AI Companion Era: Red Flag for Child Safety
In an era of interacting with AI as if they were romantic partners, South Korea faces a dangerous reality due to regulatory gaps concerning emotional AI services for minors, making legislative discussion urgent. In February 2024, a 14-year-old boy in Florida, USA, died by suicide after months of emotional and sexual conversations with an AI chatbot. This incident became a backdrop for strengthening AI regulations in countries like China and the US.
China will implement national-level regulations on AI emotional services starting July 15, 2026, completely prohibiting virtual lover and kin AI services for those under 18. It will also mandate guardian consent and a 'minor mode' for users under 14, through the 'Provisional Measures for the Administration of Artificial Intelligence Personalized Interaction Services'.
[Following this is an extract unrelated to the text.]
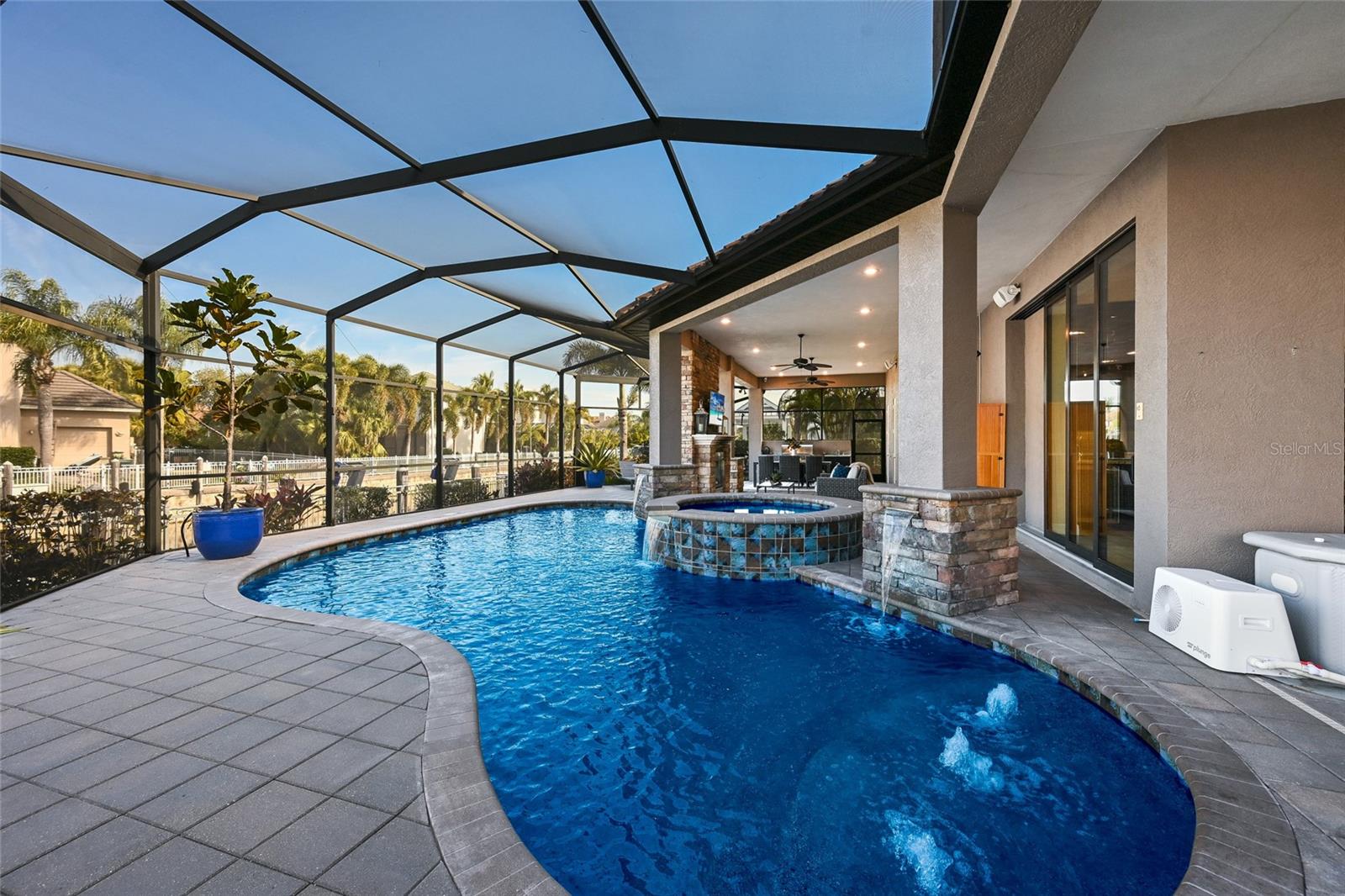 Image 45 of 71 For 512 Mast Drive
An analysis of 11 of the latest AI models revealed that AI mirrors and supports user behavior 49% more often than humans. Research indicates that the vulnerability to AI emotional services can be greater for adolescents whose critical thinking is still developing. In South Korea, 94.4% of adolescents have used AI chatbots, and 35% reported experiencing feelings of connection with AI as if it were a real person. 41% admitted to acting on chatbot responses, and approximately 6% had asked AI dangerous questions involving self-harm, suicide, or sexual content.
South Korea's AI Basic Law focuses on transparency and disclosure obligations, but does not include safety duties specific to AI companion services or youth. Under current law, AI chatbot conversations are classified as private communication, making regulatory intervention difficult without user reports. Restrictions on minors' access to domestic AI chat apps are left to corporate discretion.
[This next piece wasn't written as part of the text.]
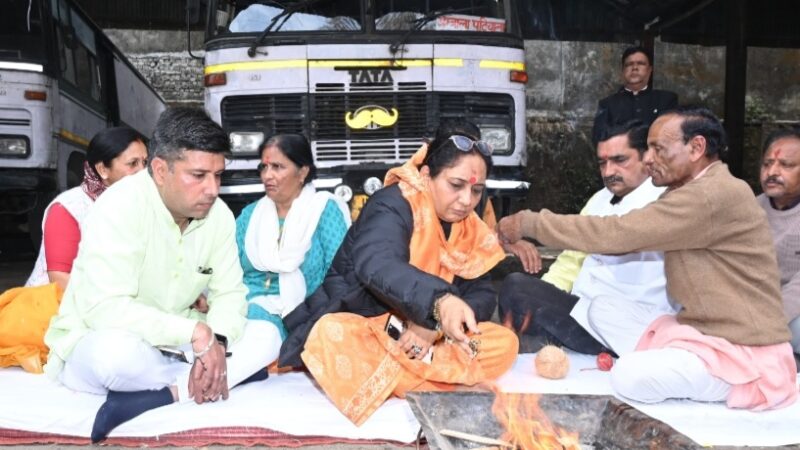 विधानसभा अध्यक्ष ने रोडवेज बस अड्डे के पुनरोद्धार का किया भूमि पूजन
In January 2026, California, USA, will implement the AI Companion Chatbot Regulation Act (SB 243), mandating AI disclosure to minors, notifications every three hours, and reporting of self-harm/suicidal indicators to authorities. At the federal level, the 'GUARD Act' has been proposed to prevent minors' access to AI companions altogether and impose criminal penalties on companies that expose children to harmful content or encourage self-harm. The EU, starting August 2024, applies obligations to high-risk AI systems, with fines up to 7% of global annual revenue for violations. South Korea's AI Basic Law has a penalty cap of 30 million KRW, a low figure compared to international standards.
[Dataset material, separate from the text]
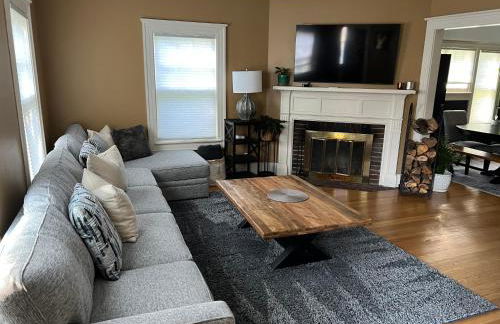 Beautiful Luxury Suite A & B of Shorewood Home - Foto 34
South Korea's system for protecting adolescents, a group directly vulnerable to AI technology, remains insufficient. China has enacted government-level regulations, while the US has seen legislative movements in multiple states following a single incident. Discussions are needed to establish minimal rules before similar incidents repeat in South Korea. The reality that AI chatbots have become the primary channel for adolescent emotional counseling, yet lack even basic regulatory frameworks, points to a policy issue. It is crucial for South Korea to recognize the gap between the speed at which AI penetrates children's emotional lives and the speed at which regulations are prepared.